Для изучения наук практического применения его определили в Мейсоновский колледж Бирмингема. Колледж сам по себе был очень неплох, более того, на его основе именно стараниями Джозефа в 1900 году наконец-то учредили Бирмингемский университет. Одновременно с его младшим сыном в колледже изучал курс лекций по металлургии и юный Стенли Болдуин, будущий предшественник Невилла на посту премьер-министра, лидер консерваторов (который оставит после себя довольно своеобразное политическое наследство).
В колледже Невиллу понравилось значительно больше, нежели в школе. Возможно потому, что там не было крикета, который он невзлюбил, к тому же в нем проснулся интерес к учебе и познанию. Он с удовольствием изучал теорию Дарвина (впоследствии будет даже преподавать дарвинизм в воскресной школе), испытывал интерес к трудам популяризатора науки Томаса Гексли. В этот период Невилл был практически предоставлен сам себе. Сестры его учились в школах и домой возвращались только на каникулы, отец все время проводил в Лондоне, будучи уже видным политическим деятелем, а Остин покорял Кембридж. Возможно, это вынужденное одиночество отразилось на характере Невилла, который, по свидетельству его учителя, был «скромным, даже склонным к застенчивости»[38].
В это время Невилл продолжает увлекаться естествознанием и особенно орнитологией. Он встает еще до рассвета, чтобы послушать пение птиц, научиться различать их голоса, вполне соответствуя общему представлению о склонном к романтизму викторианском юноше. На двадцатилетие ему подарили первую лошадь, и он с восторгом на ней охотился в сопровождении своего любимого пса.
На его мачеху Мэри – третью и последнюю жену Джозефа – Невилл, несмотря на свой уже взрослый возраст, произвел впечатление юноши незрелого. Отчасти из-за того, что был не слишком разговорчив, особенно с гостями дома, которые с удовольствием стали приезжать на приемы Чемберленов. Младшего Чемберлена куда больше интересовали жуки и птицы, нежели беседы о политике за сигарой и бренди. Действительно, многие сверстники Невилла из его круга уже осознанно готовили себя к парламентской деятельности, живо интересовались происходящим и в Империи, и за ее границами, а также вовсю отдавались романтическим приключениям. Младшему Чемберлену это все было чуждо, он был несколько замкнут, склонен скорее к созерцательной деятельности, хотя обладал ясным и живым умом. Но все-таки благодаря именно Мэри, ее появлению в жизни Джозефа, ее молодости, легкости, прелести в общении отношения отца и сына заметно потеплели.

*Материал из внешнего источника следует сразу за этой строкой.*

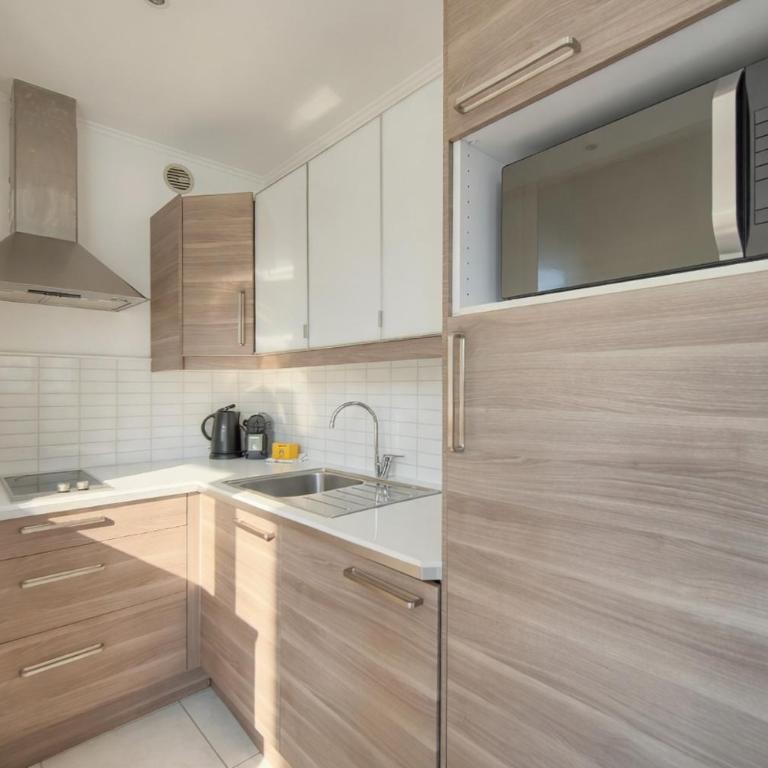 FRGK "Elegant studio CLEMENCEAU terrace WIFI HIGH-SPEED " - Studio Lit King-Size avec Canapé-Lit - 3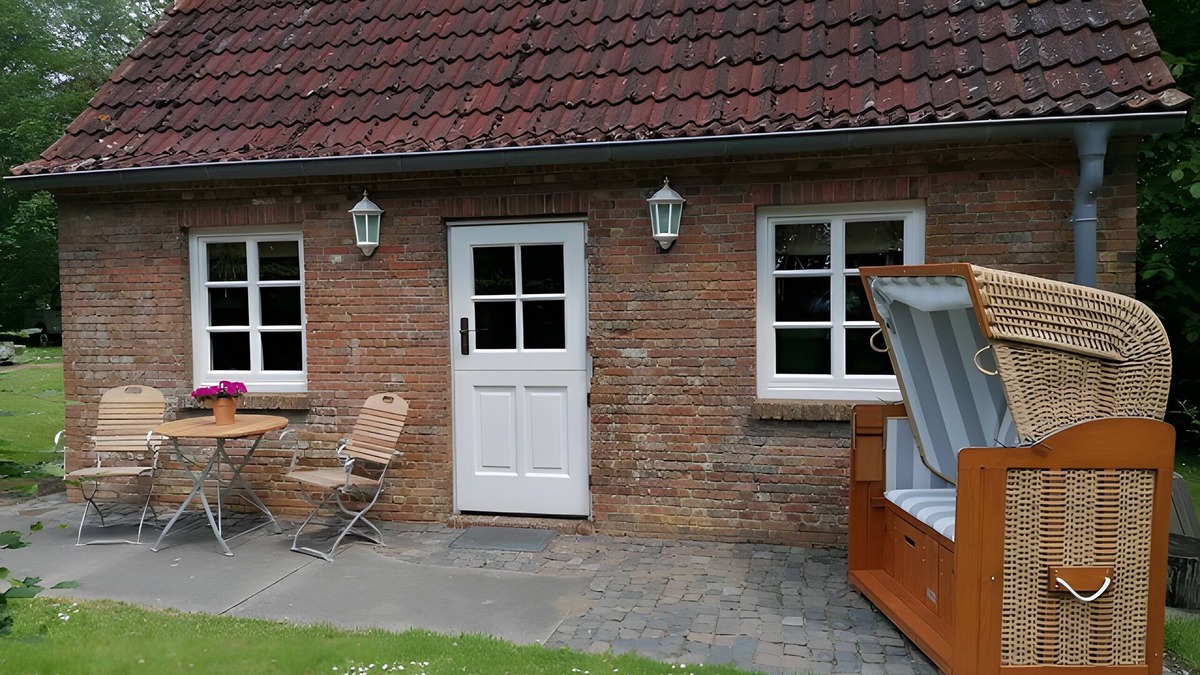 Karolinenkoog House | Holiday Home 'Backhaus' with Private Terrace and Private Garden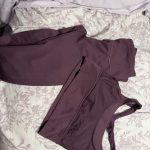 Lululemon Women's Purple and Burgundy Leggings - Image 2
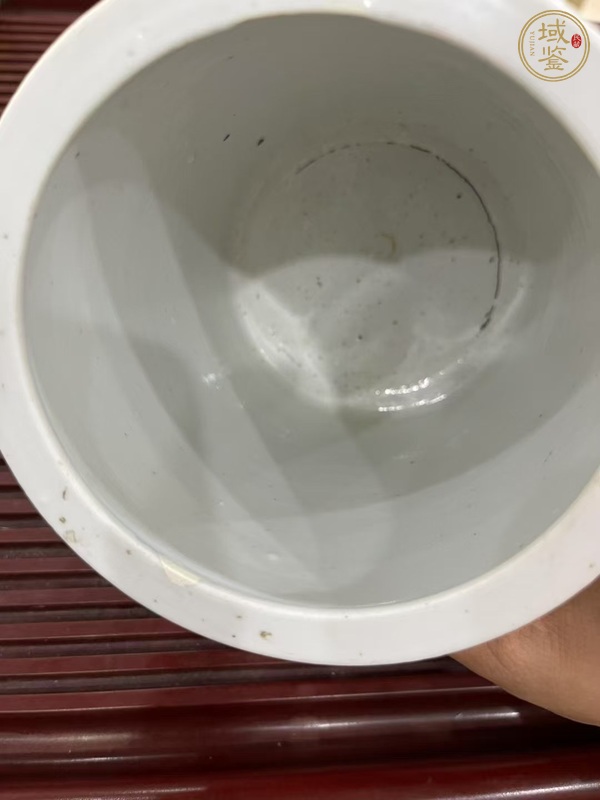古玩陶瓷山水紋青花筆筒真品鑒賞圖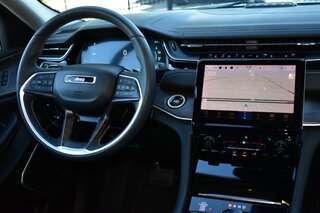 2022 Jeep Grand Cherokee 4x4 — photo 10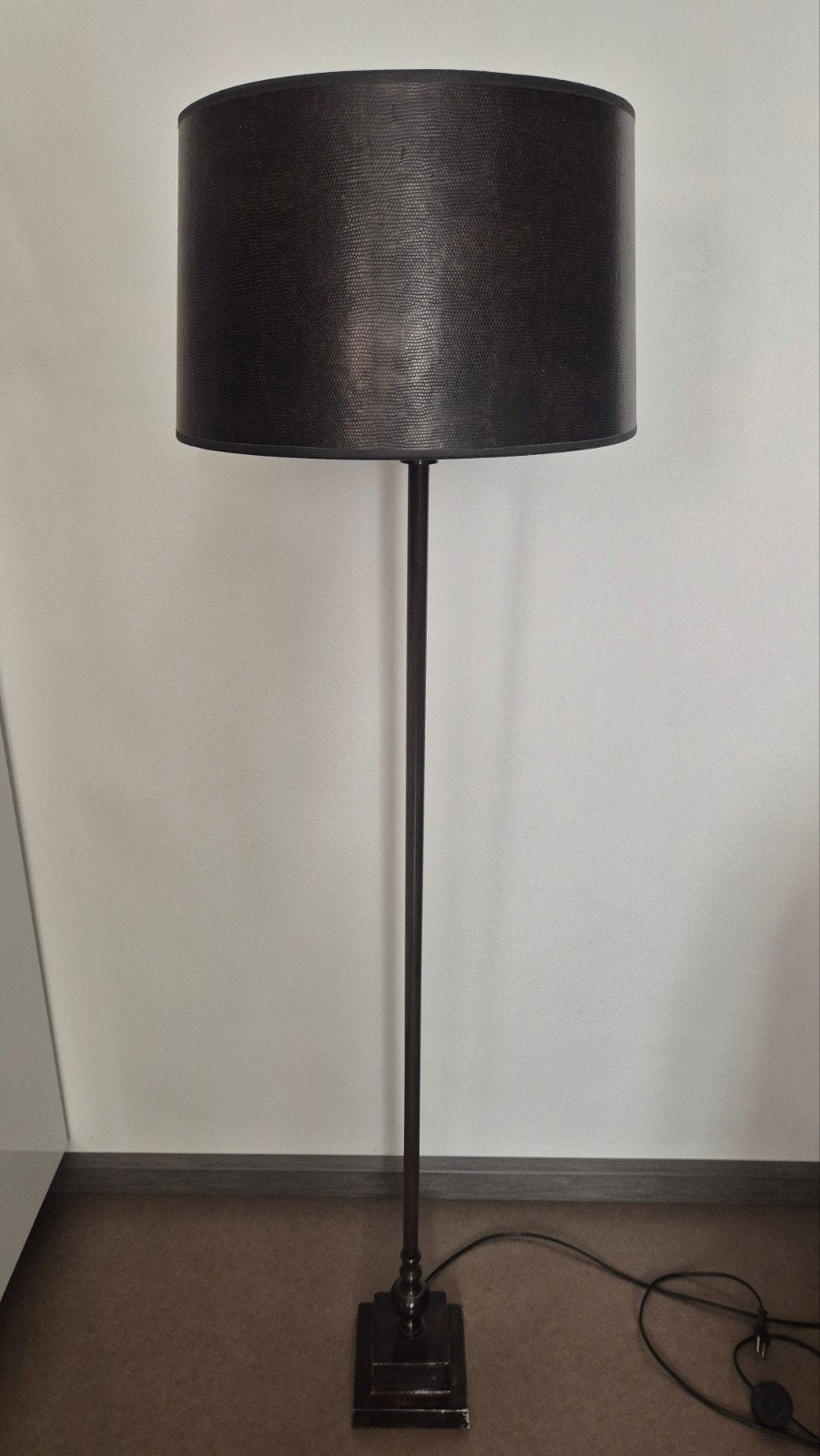 staande lamp met leren kap, Huis en Inrichting, Lampen | Lampenkappen, Ophalen, Bruin, Rond, Zo goed als nieuw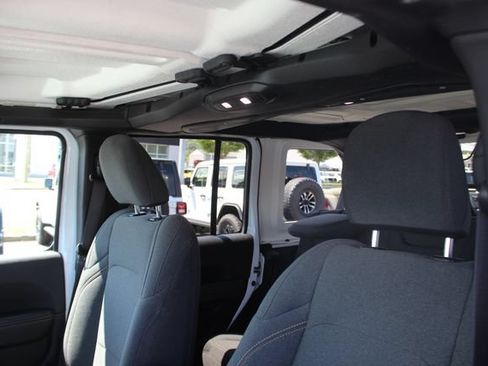 Used 2025 Jeep Wrangler Unlimited Sahara AWD/4WD image 21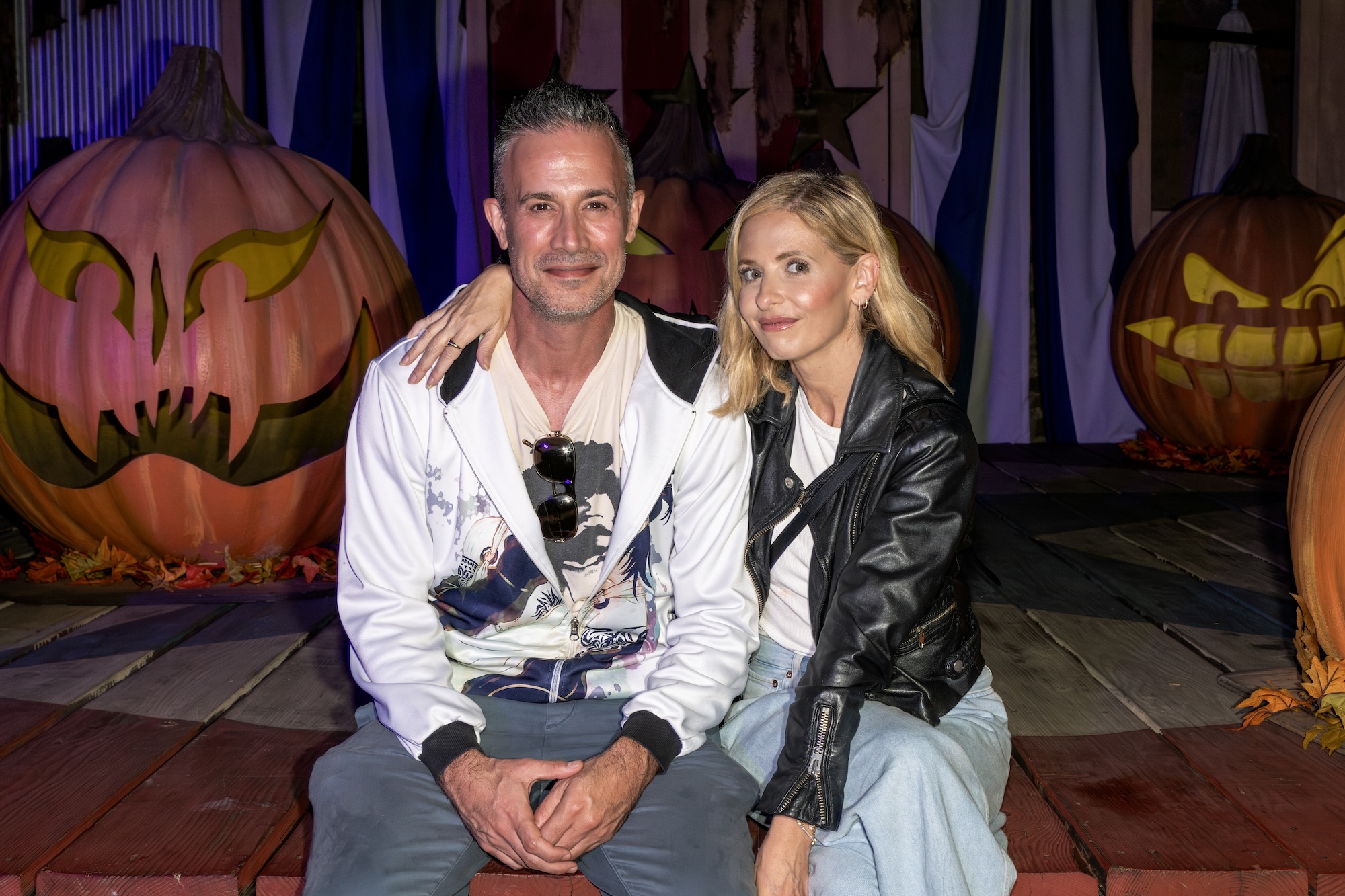 Sarah Michelle Gellar And Noah Beck Celebrate 50 Years Of Nightmares At Knott's Scary Farm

Тогда же Невилл Чемберлен впервые побывал в Париже, Венеции и Египте. Французский он знал еще очень плохо, что помешало ему в полной мере насладиться Францией. Зато в Египте он познакомился за обедом у премьер-министра с тогда еще полковником Китченером[39] (с которым они все время проговорили о цветах, тот оказался таким же страстным поклонником природы). Сам Египет впечатлил молодого человека настолько, насколько может впечатлить абсолютно другая, чуждая, неблизкая культура. Все-таки Невилл был Чемберленом, а не Жаном Франсуа Шампольоном, знаменитым египтологом, расшифровавшим древнеегипетские иероглифы. Как Невилл охарактеризовал танец дервишей: «Интересно, но не очень приятно»[40] – так в целом можно охарактеризовать и его впечатление об этой стране. Домой он возвращался, не скрывая радости, однако долго оставаться в Бирмингеме ему было не суждено.